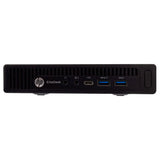 HP EliteDesk 800G14 Tiny Form Factor Computer PC - Windows 10 Professional 64 bit (Refurbished)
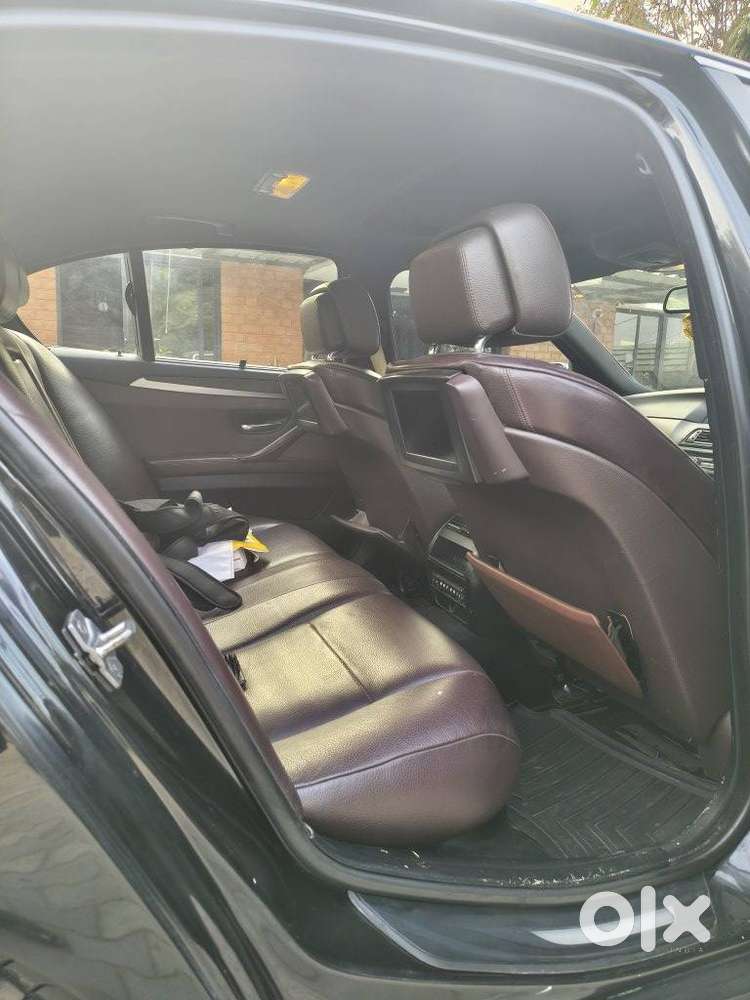 Bmw 5 Series 530d Highline, 2012, Diesel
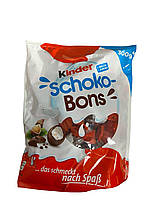 Цукерки шоколадні KINDER SCHOK-BONS 300 g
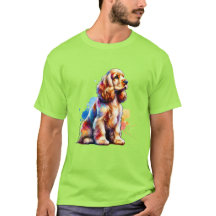 Cachorro Paniel Cocker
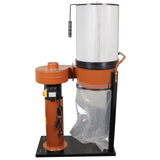 Sherwood Single Stage Dust Collector Pleated Filter 600CFM 750W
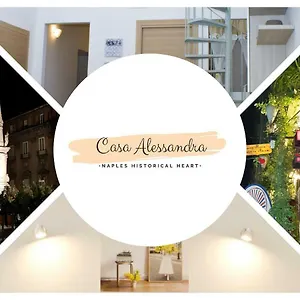 Apartamento Casa Alessandra, Nápoles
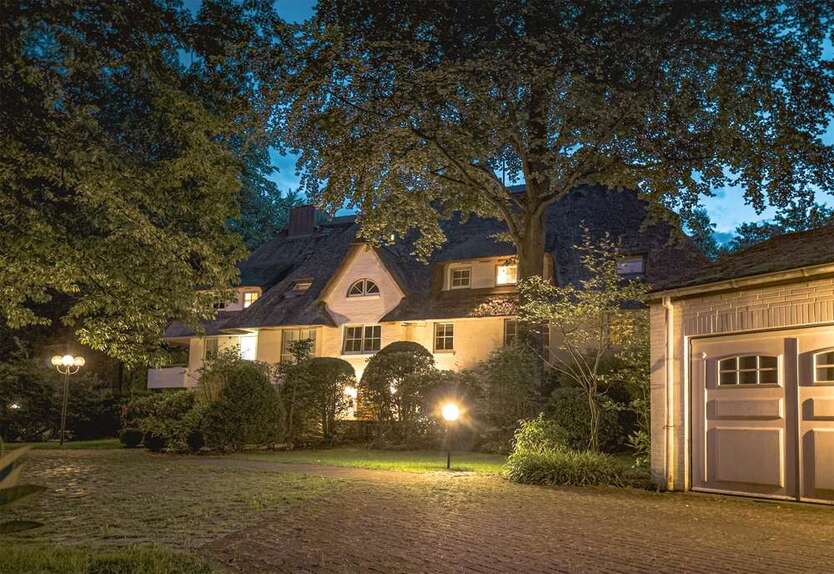 Wohnung zum Mieten in Hamburg-Poppenbüttel 1.450 € 90 m² 2 zimmer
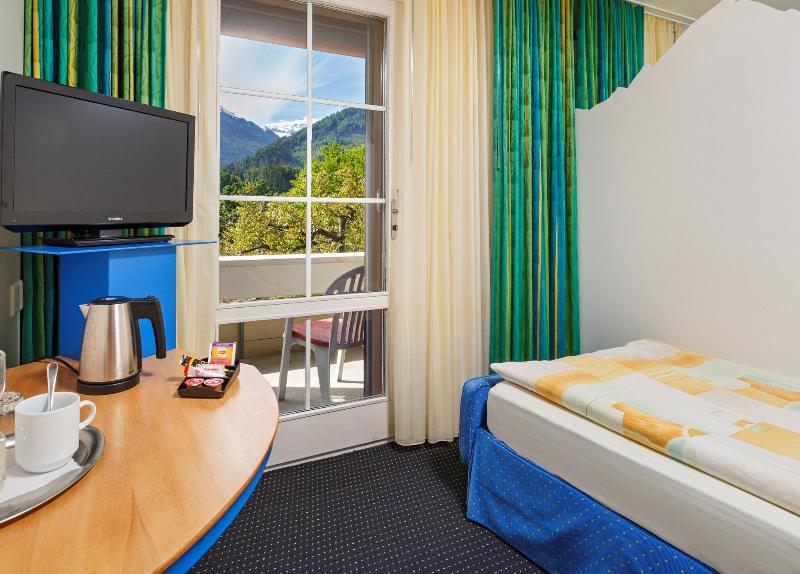 Stella Swiss Quality Hotel - Oda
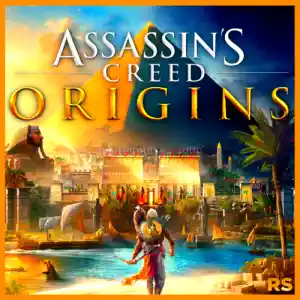 Assassins Creed Origins + Garanti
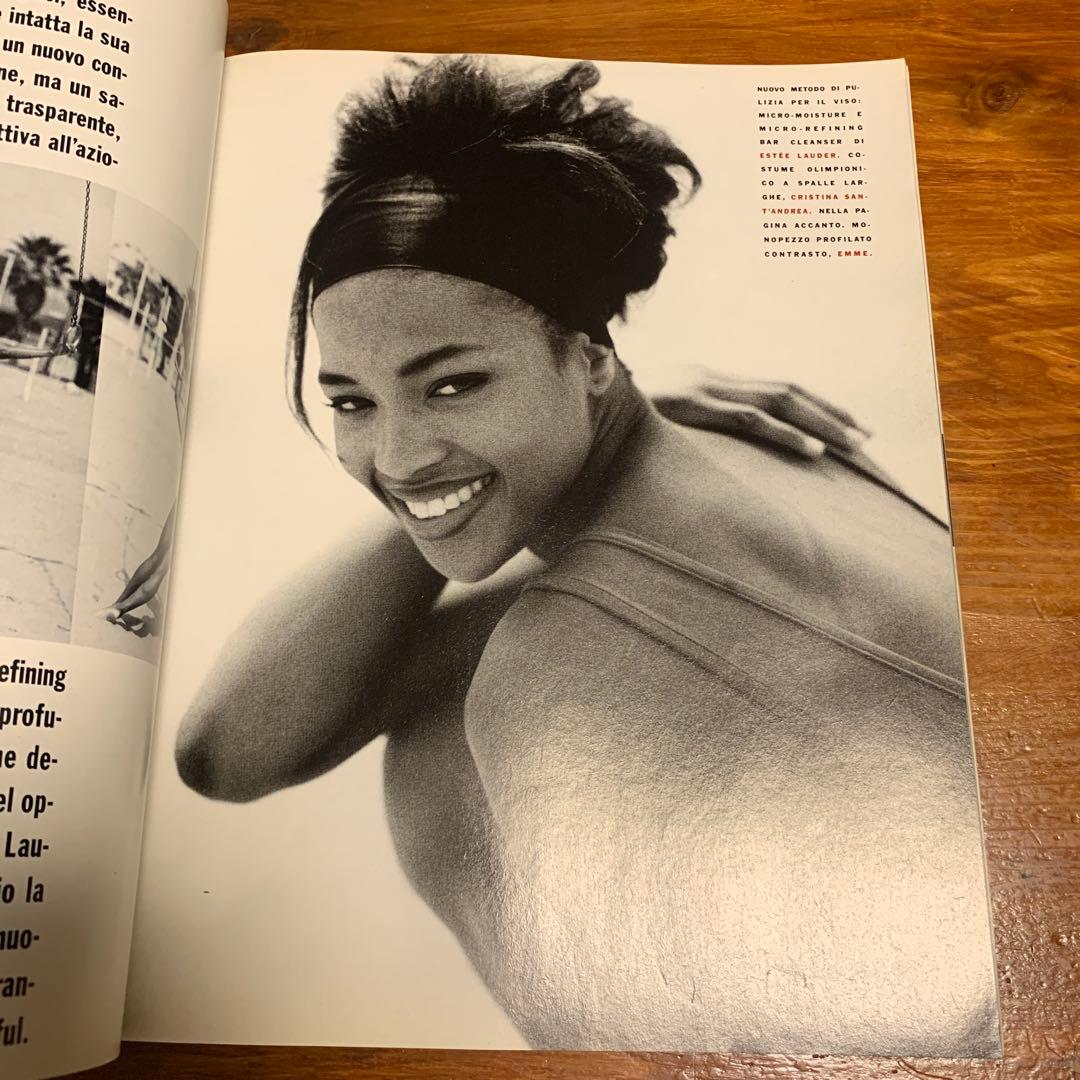 貴重】1990年 VOGUE ITALIA MADONNA PIU SEXY - メルカリ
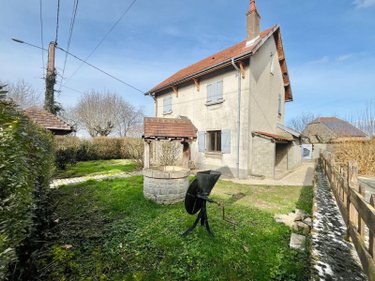 Maison a vendre Gy 70700 Haute-Saône 130 m2 5 pièces 190000 euros
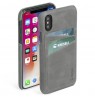 Krusell Sunne Cover Apple iPhone XS Max vintage grey
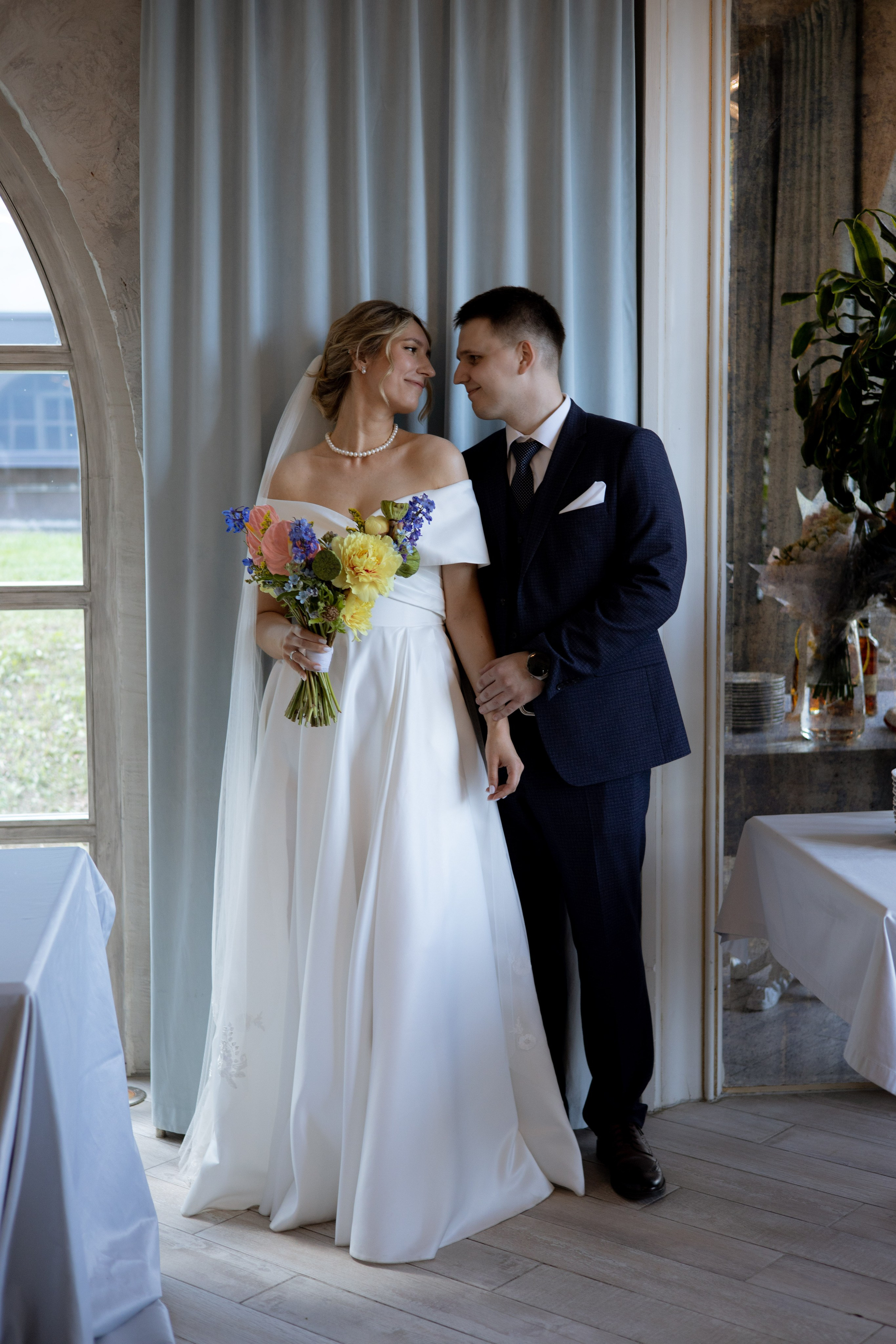 «Московское небо». Оформление свадеб, декор свадеб Вера Маркова, Москва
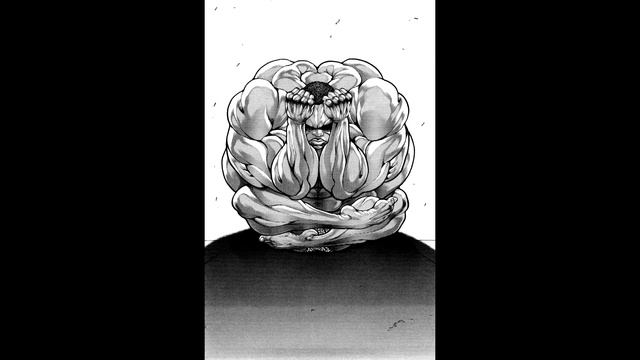 Hanma Baki vs Biscuit Oliva  Ханма Баки против Бисквата Оливера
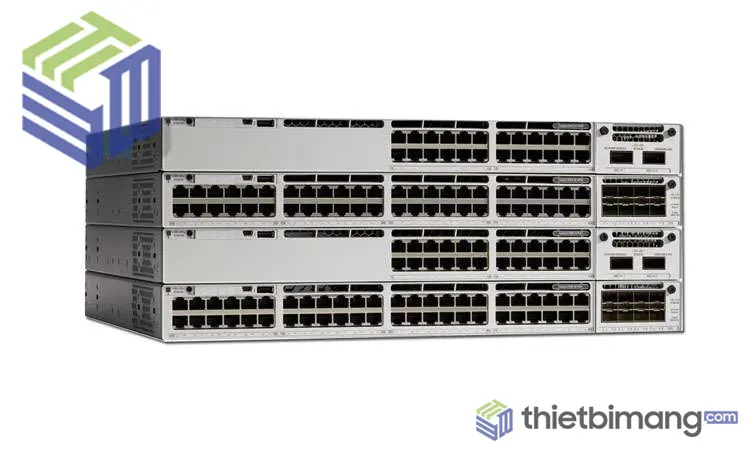 Catalyst Cisco C9300 Series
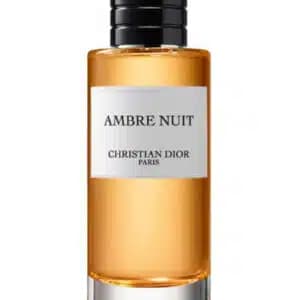 אמברה נויט דיור Ambre Nuit Dior 5ml מיני בושם (travel)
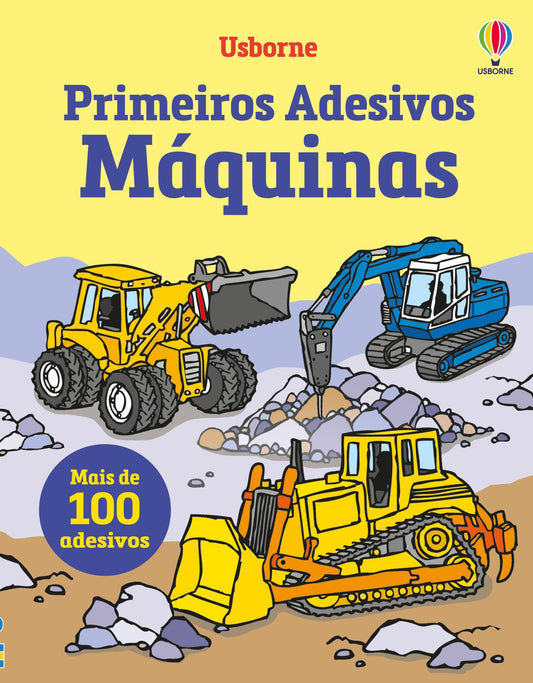 Adesivos: Máquinas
▬▬▬▬▬▬▬▬▬▬
Beginning at the line that contains "Sherwood Single Stage", give the remaining lines of the records again exactly, through the last one. Leave out pictures.

■ **Written reply**
 Sherwood Single Stage Dust Collector Pleated Filter 600CFM 750W
 Apartamento Casa Alessandra, Nápoles
 Wohnung zum Mieten in Hamburg-Poppenbüttel 1.450 € 90 m² 2 zimmer
 Stella Swiss Quality Hotel - Oda
 Assassins Creed Origins + Garanti
 貴重】1990年 VOGUE ITALIA MADONNA PIU SEXY - メルカリ
 Maison a vendre Gy 70700 Haute-Saône 130 m2 5 pièces 190000 euros
 Krusell Sunne Cover Apple iPhone XS Max vintage grey
 «Московское небо». Оформление свадеб, декор свадеб Вера Маркова, Москва
 Hanma Baki vs Biscuit Oliva  Ханма Баки против Бисквата Оливера
 Catalyst Cisco C9300 Series
 אמברה נויט דיור Ambre Nuit Dior 5ml מיני בושם (travel)
 Adesivos: Máquinas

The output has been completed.